Teen Who Beat Disabled 62-Year-Old to Death in Sick ‘Knock ‘Em out’ Video He Posted on Facebook Is Jailed for 30 Years

Sophie Jane Evans, Daily Mail (London), September 13, 2013

A 19-year-old man has been sentenced to 30 years in prison for his role in the beating to death of a disabled Chicago man.

The brutal crime was captured on video and then posted on Facebook.

Earlier this year, Anthony Malcolm was found guilty of first-degree murder and robbery for his part in the sickening attack that killed 62-year-old Delfino Mora.

Speaking in court yesterday, he told the victim’s family: ‘I’m sorry, I can feel your pain.’

According to prosecutors, Malcolm was with two other teenagers last July when they decided to play a game called ‘Pick ’em out, knock ’em out’.

The three targeted Mr Mora, a father of 12 and grandfather of 23, in an alley in the West Rogers Park neighbourhood and ordered him to empty his pockets.

Malcolm’s friend Malik Jones allegedly then punched him in the jaw, causing him to fall to the ground and hit his head on the concrete.

The group then proceeded to rifle through the victim’s wallet as he lay dying in the alley.

Mr Mora was found by a passer-by with blood on his face and vomit next to his head about three hours later and was taken to hospital.

However, he died the next day as a result of blunt head trauma.

Malcolm used a mobile phone to record the fatal assault on Mr Mora, who didn’t have full use of his right arm after a workplace accident 15 years ago.

He then posted the sickening footage on to Facebook, according to NBC Chicago.

‘He left him in the alley like a piece of garbage,’ said prosecutor James Murphy at an earlier hearing. ‘To them it was funny, they laughed.’

Malcolm’s lawyers had initially claimed that all he did was hold a cellphone camera as the deadly attack unfolded.
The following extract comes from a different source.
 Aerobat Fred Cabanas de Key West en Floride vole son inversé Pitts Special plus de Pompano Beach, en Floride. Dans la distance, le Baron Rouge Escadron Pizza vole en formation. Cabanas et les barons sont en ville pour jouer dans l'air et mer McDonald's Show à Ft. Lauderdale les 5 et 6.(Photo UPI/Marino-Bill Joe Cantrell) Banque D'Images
However, Judge Joseph Claps ruled in July that the teen was ‘not only present, but also accountable’ for the death of Mr Mora.

‘It’s a sad travesty that Mr. Delfino Mora died because of the actions of people who apparently think that what they were doing was a game,’ he said. ‘Well, it wasn’t a game for Mr. Mora and his family.’

The one-minute recording of the attack, which was posted on to Facebook, was the most damning piece of evidence presented during the case.

Laughter from the three teens charged in the brutal death could be heard on the tape.

Mr Mora, who had been collecting soda cans when he was approached by the youths, had emigrated to Chicago in the 1980s from Michoacán, Mexico.

He supplemented his disability payments by collecting the waste cans early in the morning and was attacked just blocks from his home.

He was a father to six girls and six boys, who range in age from 17 to 40, and was also a grandfather.

Speaking in July after Malcolm’s guilty verdict, Mr Mora’s son Emanuel said: ‘We feel a little bit of peace in our hearts. The judge made the right decision. But on the other side, we still feel a little bit down because with this decision, it’s not going to bring our father back.’

Sentencing Malcolm yesterday, Judge Claps said he was an accessory not only for videotaping the death, but also for not reporting the attack to the authorities.

‘There must be a deterrent for people who choose violence for some past-time,’ he said.

Malcolm was sentenced to 22 years for murder and eight years for robbery.

His family have spoken out against the sentence, claiming Malcolm should not be sent to prison for holding a cellphone.

‘He was a studious child. Respectful,’ his aunt and retired Chicago Public Schools teacher Rosemary Rodriguez told NBC Chicago. ‘I never saw anything else but that.’

The remaining two defendants are awaiting trial.